E IL FUNERALE DIVENTO’ AVANSPETTACOLO

Forse qualcuno si ricorderà di una delle scene più memorabili del film “Quo vadis?”: Gaio Petronio Arbitro, passato alla storia come Magister elegantiarum, maestro di eleganza, si suicida, consapevole di aver ormai il fiato di Nerone sul collo; ma prima di morire detta una lettera per l’’imperatore: “continua” – gli dice – “a stuprare, ammazzare, massacrare, distruggere, bruciare; ma per favore piantala di torturare le orecchie della gente coi versi orribili che componi” (citazione a memoria e certamente non letterale).

Al di là dell’’indignazione e della rabbia per la spudorata ostentazione di potere, è questa la cosa che mi è venuta in mente davanti alle immagini del funerale di Casamonica nella chiesa salesiana di Roma. Non tanto l’’idea che don Bosco si stia rivoltando nella tomba, né l’’incredibile leggerezza delle autorità preposte, e nemmeno l’’atteggiamento supponente dei parenti; e neppure l’’insipienza del prete, che in sostanza ha detto che se quelli erano mafiosi la faccenda non lo riguardava.

No: a colpirmi di più è stata la grossolana, sfacciata e ineffabile cialtroneria della cerimonia che i parenti del morto hanno messo in scena in giro per Roma. I manifesti col morto vestito da papa, il carro funebre col tiro a sei, l’’elicottero che faceva piovere petali di rose, la banda che suonava le musiche de “Il padrino”: raramente si possono vedere, tutte insieme, simili ostentazioni di assoluta cafoneria: roba da Guinness dei primati.

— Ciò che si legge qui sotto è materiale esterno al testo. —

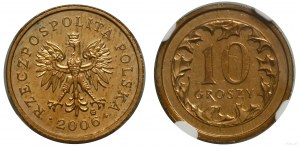 Polonia, 10 groszy, 2006, Varsavia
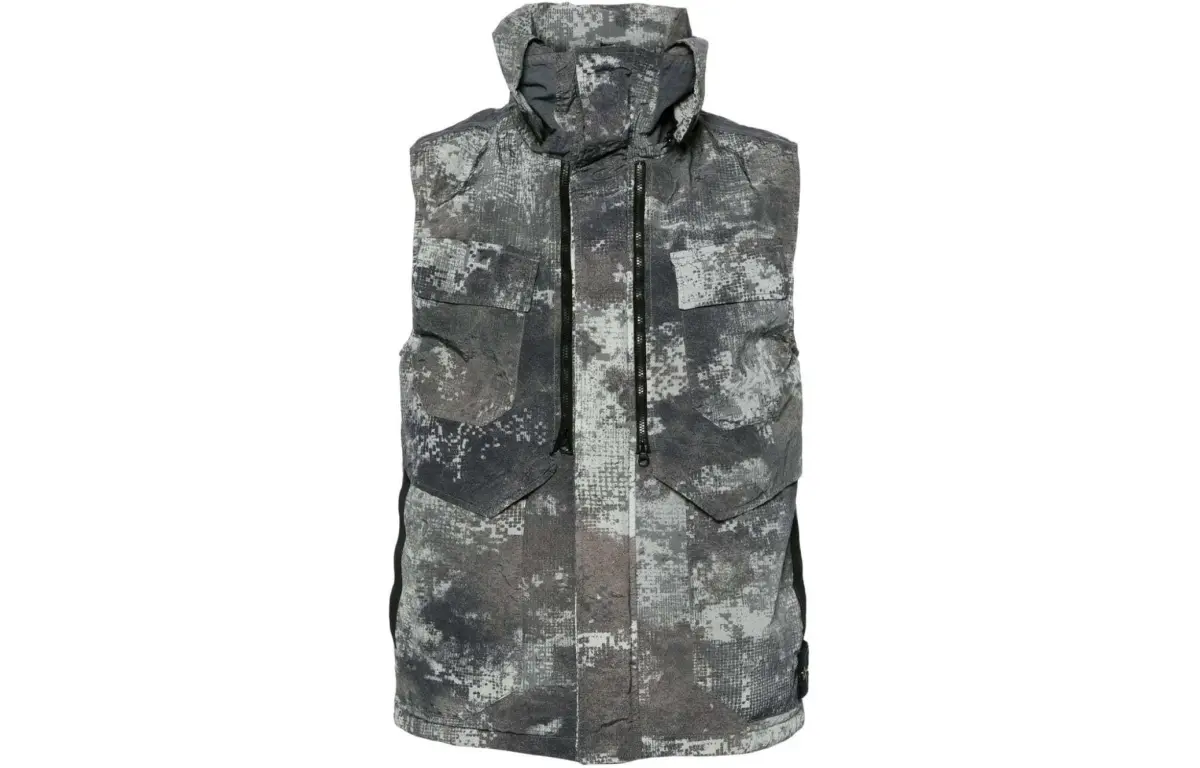 STONE ISLAND Camouflage Printed Sleeveless Gilet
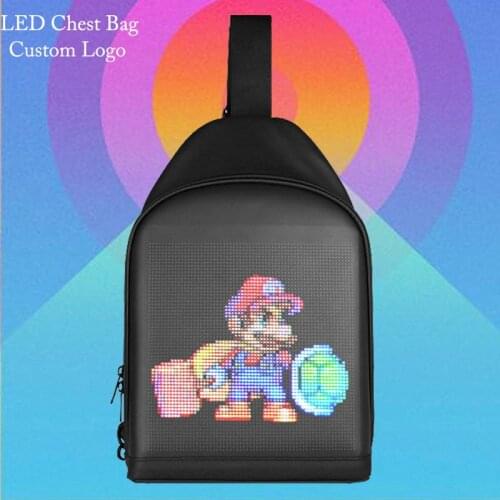 New LED Backpack Fashion Waterproof Men Shoulder Sling Crossbody bag Outdoor Backpack Gift for Christmas Birthday for Man Women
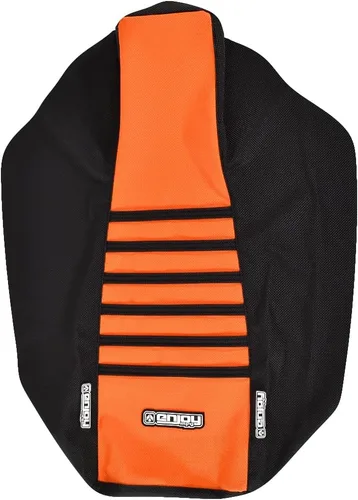 Miniatura 2 de Enjoy Mfg Funda de asiento acanalada con laterales negros/parte superior naranja/costillas negras, compatible con Yamaha Banshee (ATV) 1987-2006 #112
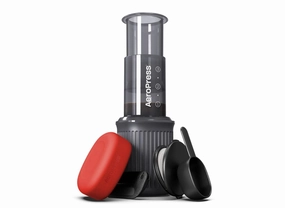 Go Travel Coffee Press: Best Manual Single Serve Coffee Maker, Fits Travel Mug, 8 oz Capacity - Black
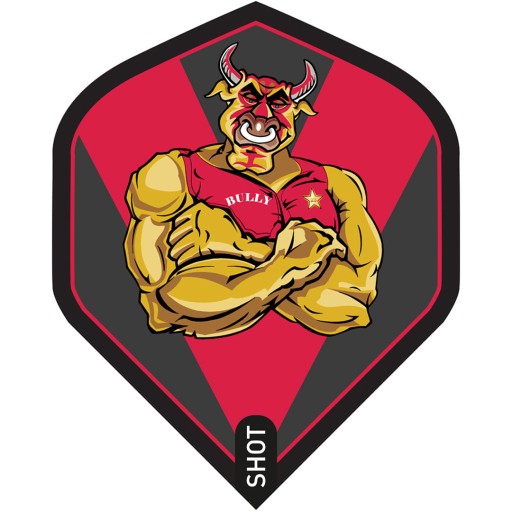 Strieľané šípkové pierka Michael Smith Bully Boy Red Standard No2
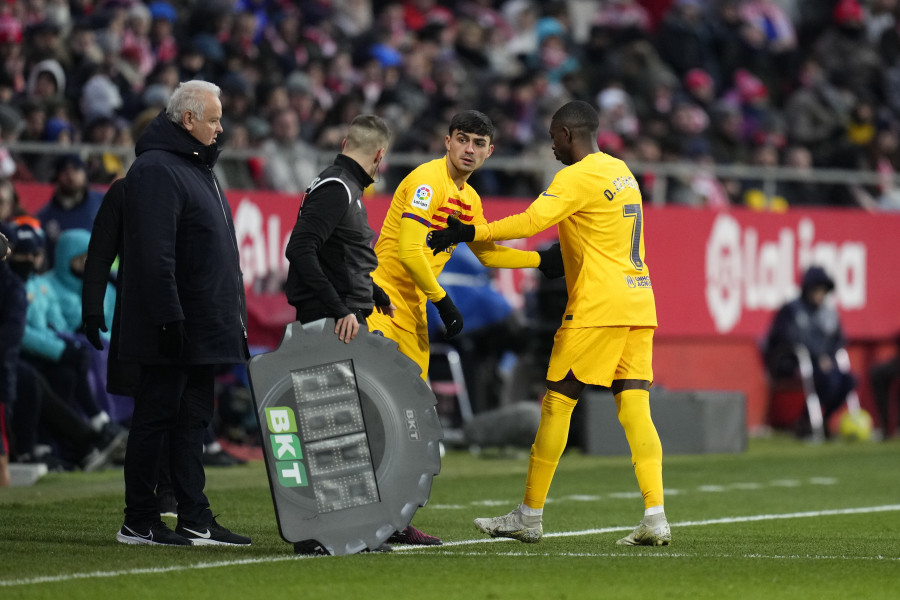La lesión de Dembélé, contratiempo para Xavi ante el intenso mes de febrero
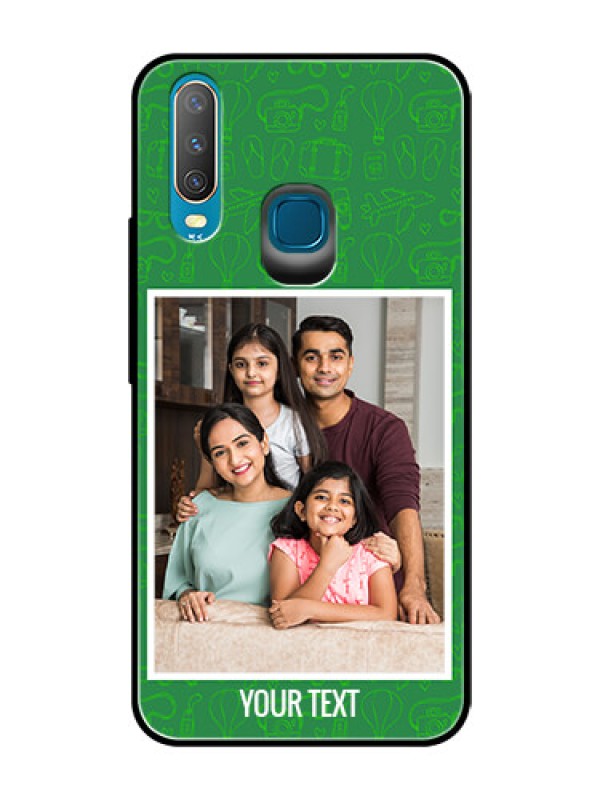 Custom Vivo Y15 Personalized Glass Phone Case  - Picture Upload Design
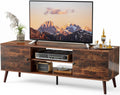 DUMOS TV Stand for 55 60 in TV - Mid Century Modern Media Console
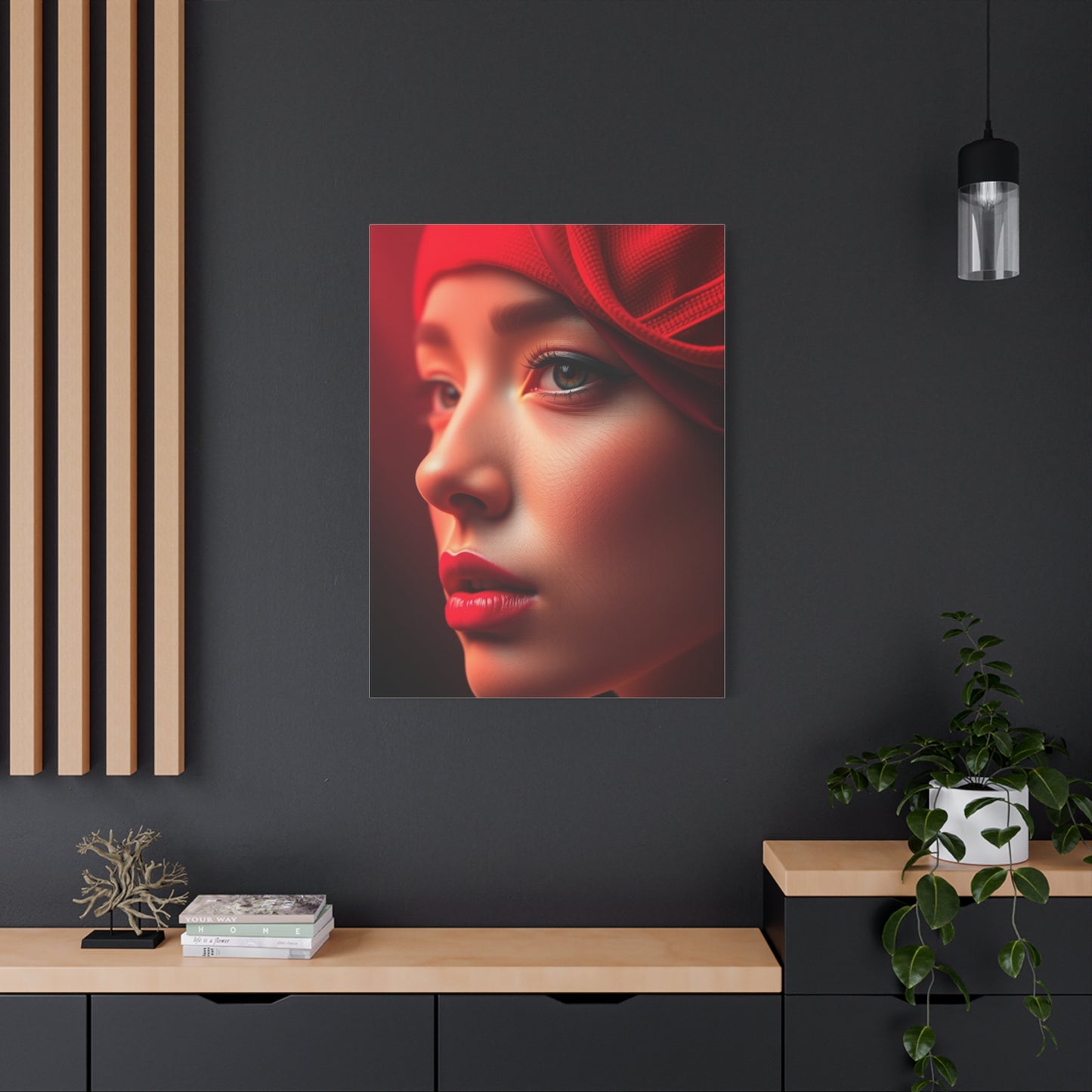 Burgundy Illumination Piece Wall Art & Canvas Print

Tutto questo discende direttamente dalla mancanza di gusto, che a sua volta è conseguenza dell’’ignoranza. Quella gente è una manica di parvenu senza cultura. Sarà piena di soldi e di armi, sarà potente e temuta, sarà quello che volete; ma è pietosamente ignorante e cialtrona, caratteristica questa condivisa dai rappresentanti di tutte le associazioni criminali: si tratti di mafia, ‘ndrangheta, sacra corona unita, camorra o nuova mafia romana.

Farà bene a fare attenzione, per il futuro: non tanto perché – auspicabilmente e finalmente – ora le autorità civili e religiose la terranno d’’occhio con l’’attenzione imposta, se non altro, dalla decenza; ma perché si è coperta di ridicolo.

E quando un potente – sia esso un imperatore, un politico o un clan mafioso – scivola nel ridicolo allora, la storia ce lo insegna, smette di far paura; e si avvia sul viale del tramonto.